Nachmittags setzt für kurze Zeit Regen ein, und die Raststätte ist noch ausgestorbener als vorhin. Die Palmblätter zittern, die Ecsa-Flaggen schlingern unruhig um die Fahnenstangen, wer jetzt noch Pause macht, kommt nur fürs WC, eilt in das Gebäude und wieder zum Auto. Ein Vater betritt mit seiner Tochter das Restaurant, sofort klebt sie sich ans «Gogo Pony». «Für so einen Mist haben wir keine Zeit!», herrscht er sie an, kauft ein Sandwich, verlässt das Gebäude wieder. Das Mädchen bleibt noch eine Weile auf dem münzschluckenden, blinkenden Pony sitzen, der Vater beobachtet sie irgendwann von draussen durch die Fensterscheiben, kommt wieder rein, dieses Mal versöhnlich: «Komm jetzt. Wir sind auf der Reise, und ich habe keine Lust, erst um Mitternacht anzukommen.»
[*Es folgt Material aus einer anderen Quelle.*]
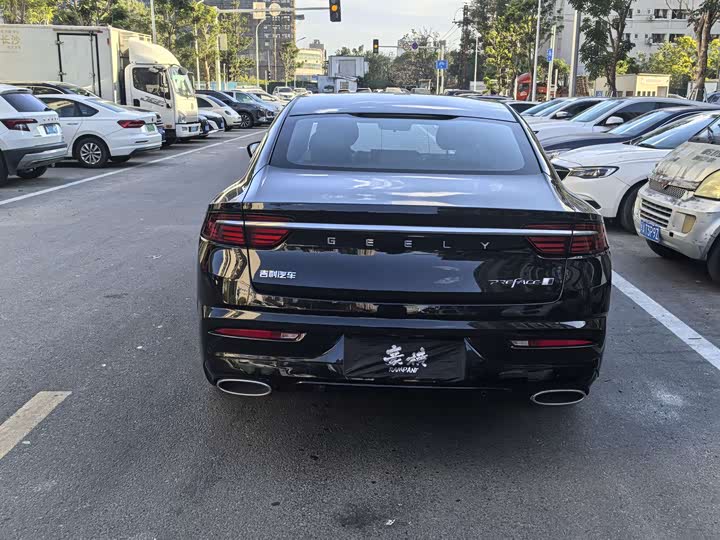 Фото 10 - Geely Preface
Dabei läge der Zauber vielleicht genau darin: Nicht im «Gogo Pony», nicht darin, mit einem Kind erst mitten in der Nacht irgendwo anzukommen, aber im belanglosen Innehalten, in der Pause, dem Hinauszögern, dem Ausruhen, dem Spazierschlenker mit dem Hund, dem Nachdenken über die Ferien, die kommen oder waren, oder die Arbeit, die wartet, die immer irgendwo wartet.
Nur nicht hier, in diesem Zwischenort, diesem betongegossenen Schwebezustand.
Das Sonnenlicht fällt inzwischen schräg auf Teer und Tanksäulen. Die Palmblätter zittern nicht mehr, und die Flaggen hängen faul an den Fahnenstangen. Ein Lkw schiebt sich langsam auf den Parkplatz. Ein Paar leert zwei Säcke mit Einwegbechern und PET-Flaschen über einer orangen Mülltüte unter den Platanen aus. Hand in Hand schlendert es auf das Restaurant zu.